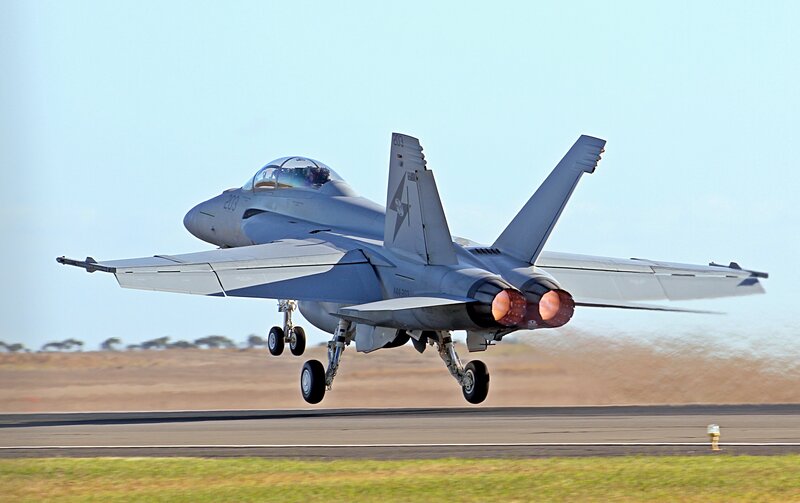 Fighter Jet Taking Off — Gray, Dynamic, Afternoon, Photograph, Runway, Sky
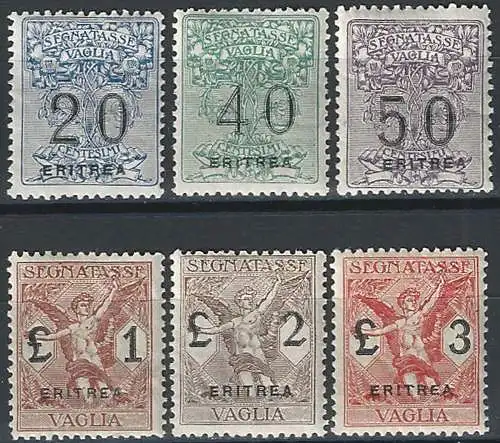 1924 Eritrea money order stamps 6v. MNH Sassone n. 1/6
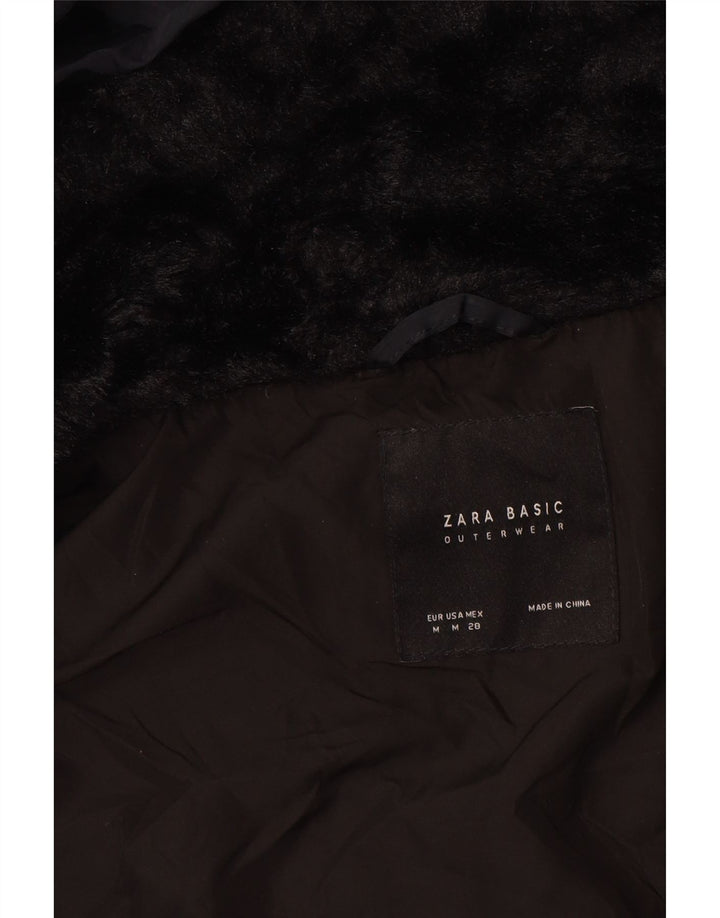 ZARA Womens Padded Coat UK 14 Medium Navy Blue Polyester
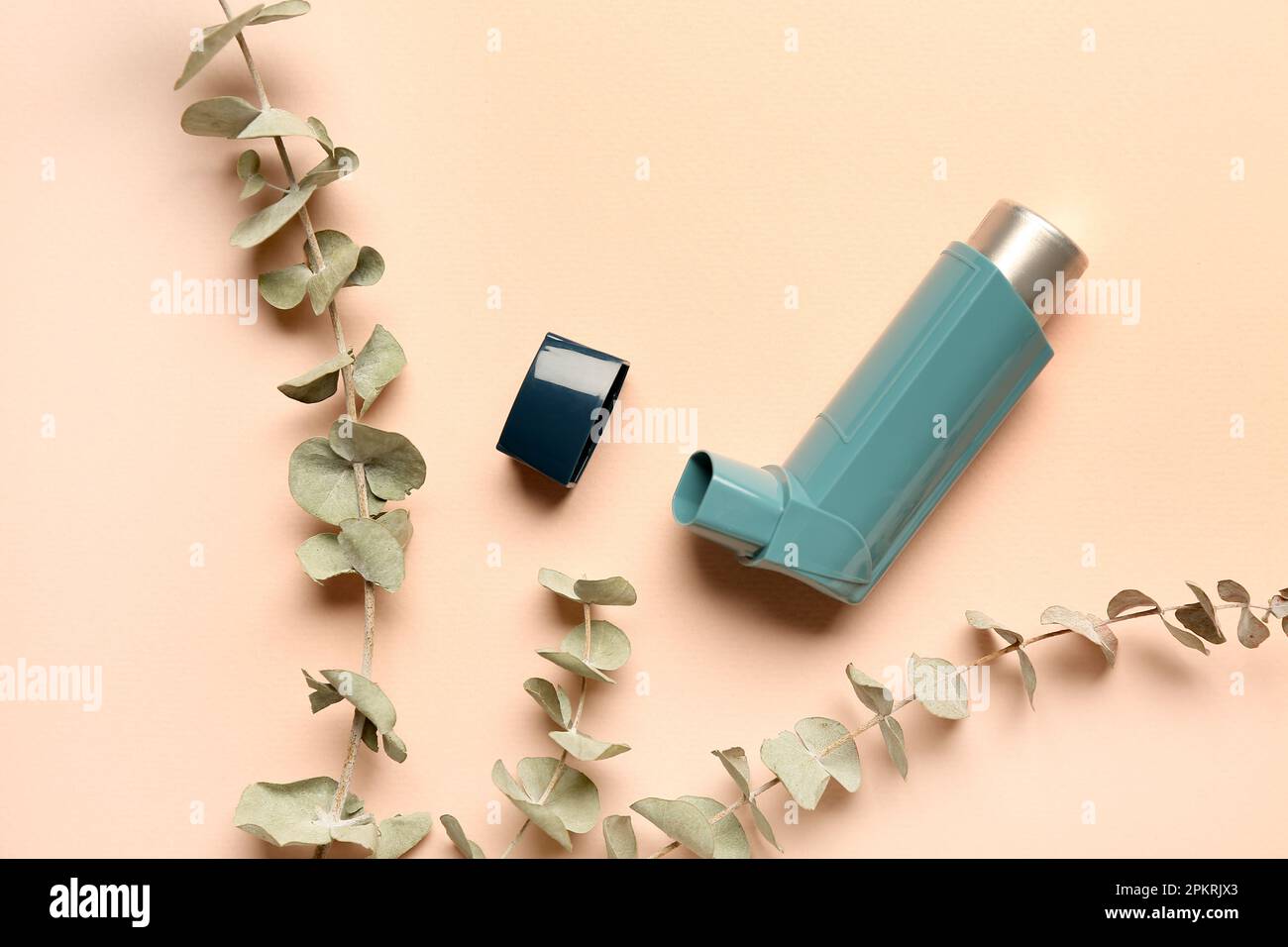 Asthma inhaler with eucalyptus branches on beige background Stock Photo
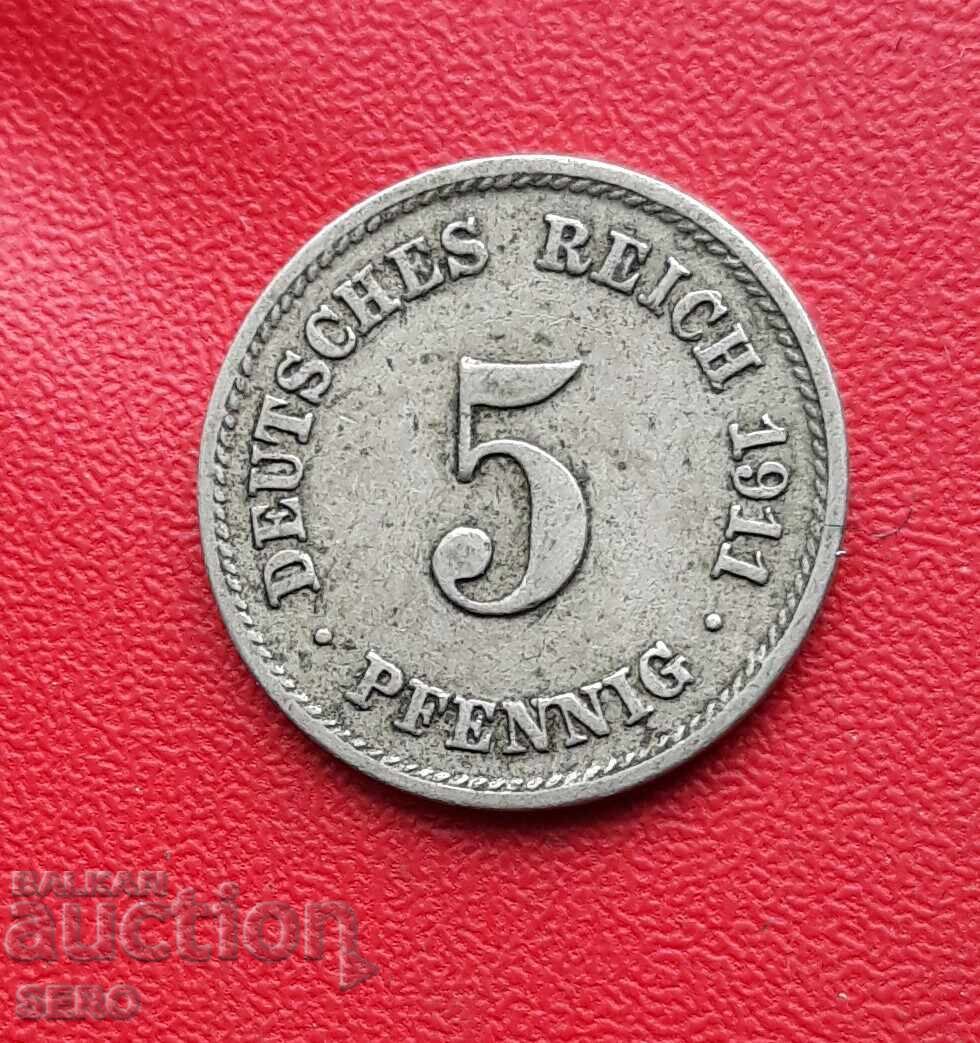 Germania-5 Pfennig 1911 F-Stuttgart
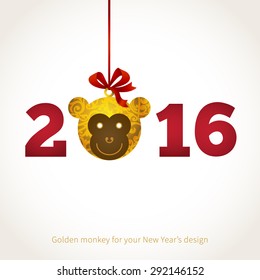 Symbol of 2016. Monkey head, decorated gold floral patterns. Vector element for New Year's design. Illustration of 2016 year of the monkey.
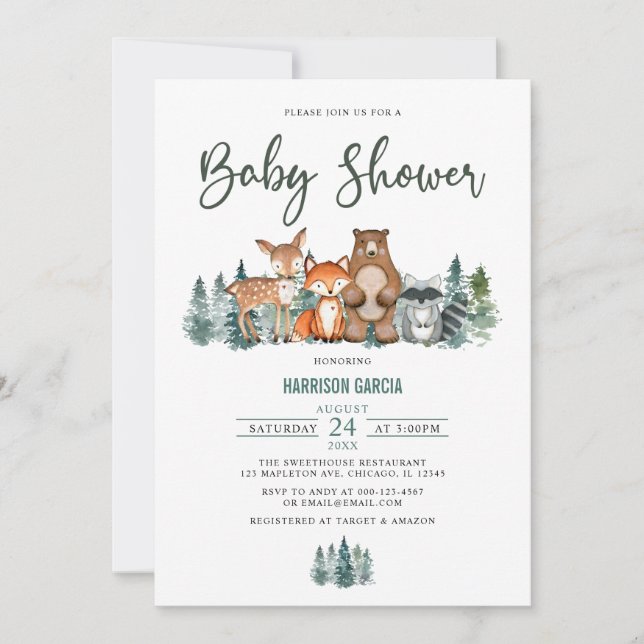 Forest Mountain Greenery Woodland Baby Shower Invitation (Front)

-*-

- **Exercise description**: Leaving out every picture, copy exactly the lines from the one that contains "Germania-5 Pfennig 1911 F-Stuttgart" through the end of the entries above.

- **The completed task**:
 Germania-5 Pfennig 1911 F-Stuttgart
 Symbol of 2016. Monkey head, decorated gold floral patterns. Vector element for New Year's design. Illustration of 2016 year of the monkey.
 Forest Mountain Greenery Woodland Baby Shower Invitation (Front)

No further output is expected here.